> [WORK TASK] All entries below must be written out verbatim, and the images must be dropped.

• • • • • • •

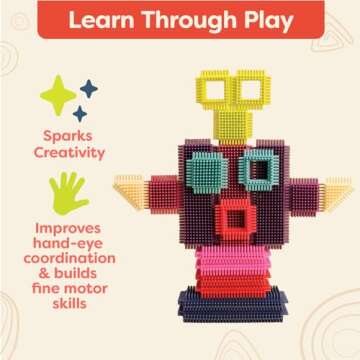 B. toys- Bristle Block Stackadoos - Building Blocks for Kids – Developmenal Toy-68 Blocks in a Storage Pouch – STEM Toys – Soft & Interlocking – Bristle Block Stackadoos – 2 years +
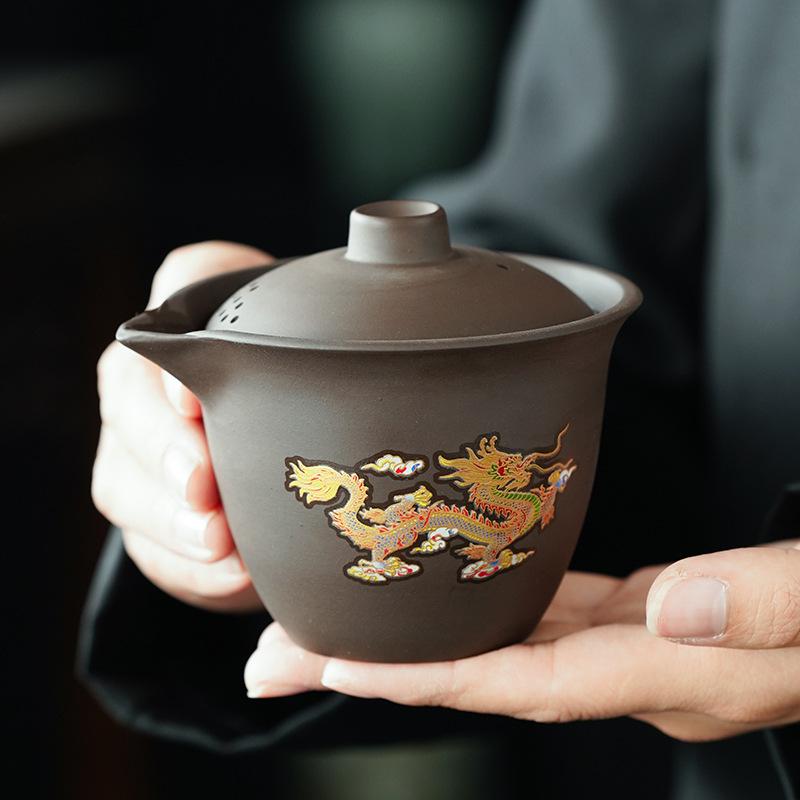 Travel tea set, purple sand express cup, portable outdoor one pot, three cups of ceramic business souvenir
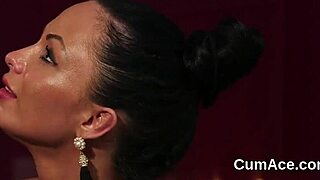 The Frisky Idol Gets a Facial Cumshot but Swallows All the Jizm in This Blowbang Scene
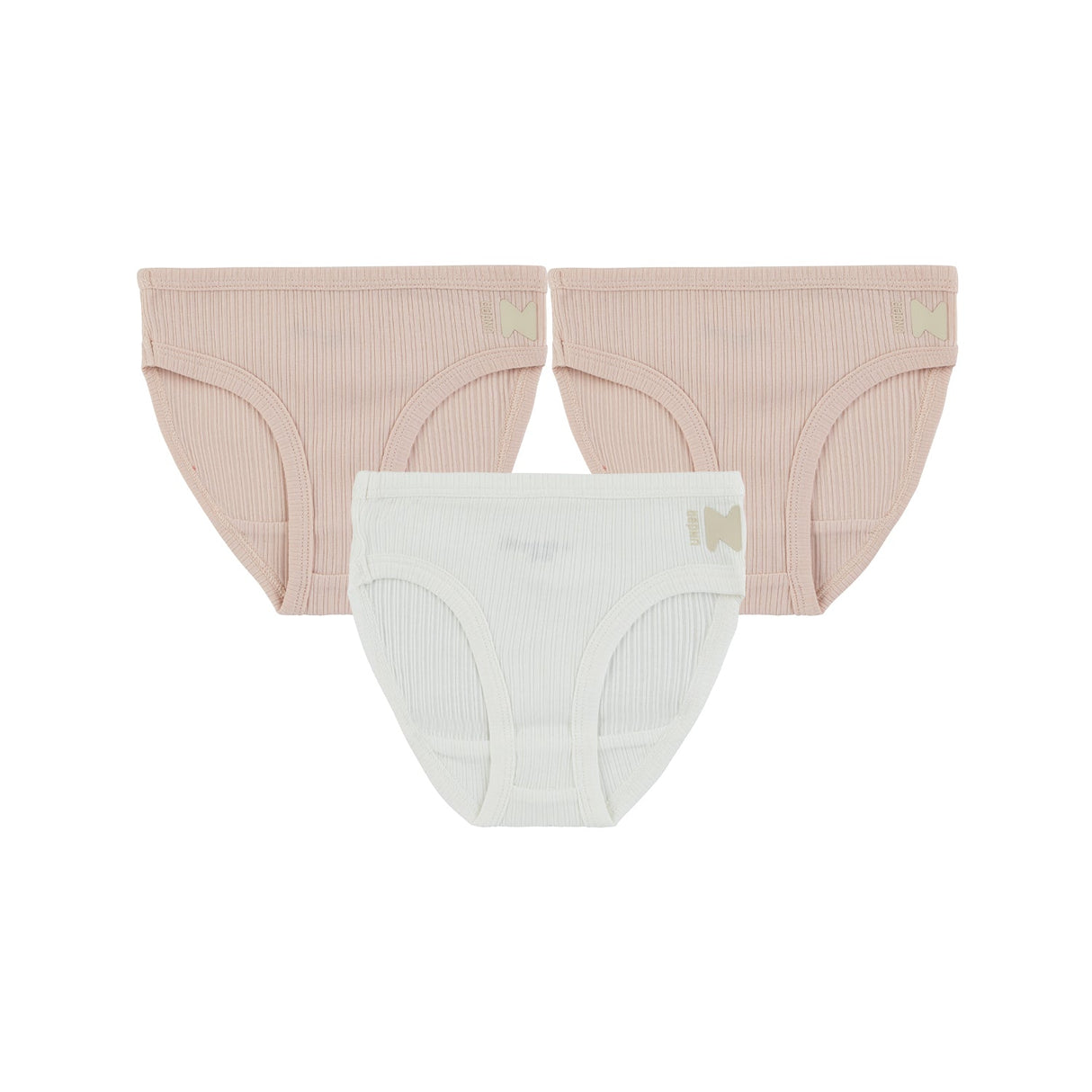 Ribbed Mauve + White (3 Panties) - HoneyBug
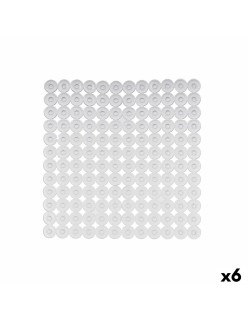 Alfombrilla Antideslizante para Ducha Transparente PVC 54 x 54 x 1 cm (6 Unidades)
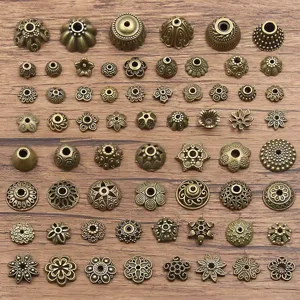 Antique Bronze Silver Zinc Alloy Hollow Flower Bead Caps Spacer Beads For DIY Bracelet Necklace Jewelry Making Findings Accessories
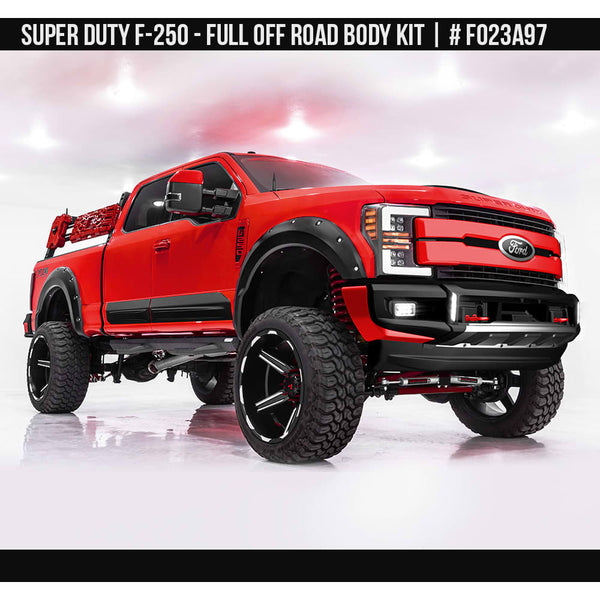 2017-2019 Ford F-250 Superduty Off-Road Full Kit with Skid Plate  Painted  Satin Black Install Ready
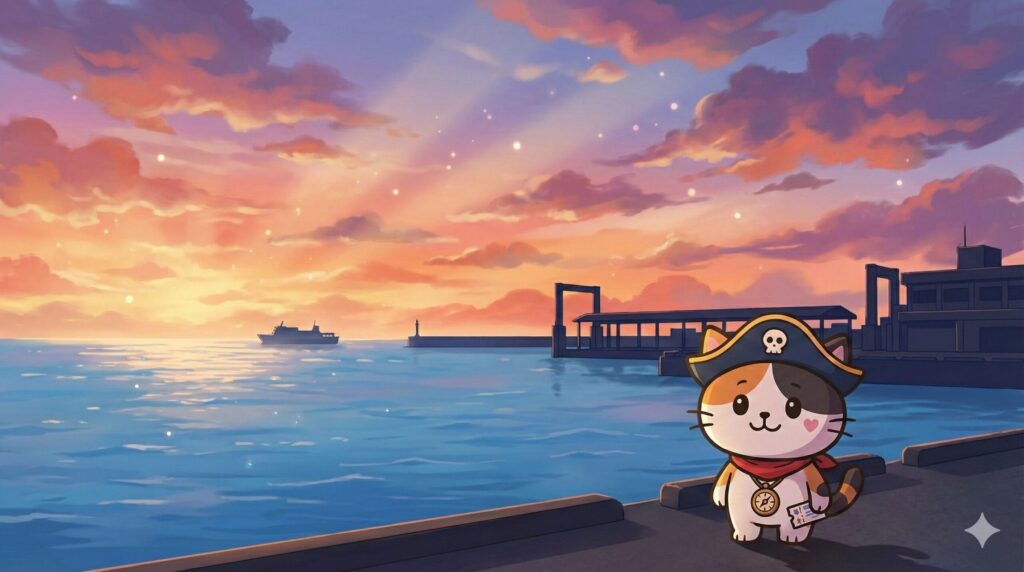 朝焼けの泊港（とまりん）の海を背景に、乗船券を手元で確認しながら出発に備えているココロ船長。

• • • • • • •

> [REPLY TO THE EXERCISE]
 B. toys- Bristle Block Stackadoos - Building Blocks for Kids – Developmenal Toy-68 Blocks in a Storage Pouch – STEM Toys – Soft & Interlocking – Bristle Block Stackadoos – 2 years +
 Travel tea set, purple sand express cup, portable outdoor one pot, three cups of ceramic business souvenir
 The Frisky Idol Gets a Facial Cumshot but Swallows All the Jizm in This Blowbang Scene
 Ribbed Mauve + White (3 Panties) - HoneyBug
 Alfombrilla Antideslizante para Ducha Transparente PVC 54 x 54 x 1 cm (6 Unidades)
 Antique Bronze Silver Zinc Alloy Hollow Flower Bead Caps Spacer Beads For DIY Bracelet Necklace Jewelry Making Findings Accessories
 2017-2019 Ford F-250 Superduty Off-Road Full Kit with Skid Plate  Painted  Satin Black Install Ready
 朝焼けの泊港（とまりん）の海を背景に、乗船券を手元で確認しながら出発に備えているココロ船長。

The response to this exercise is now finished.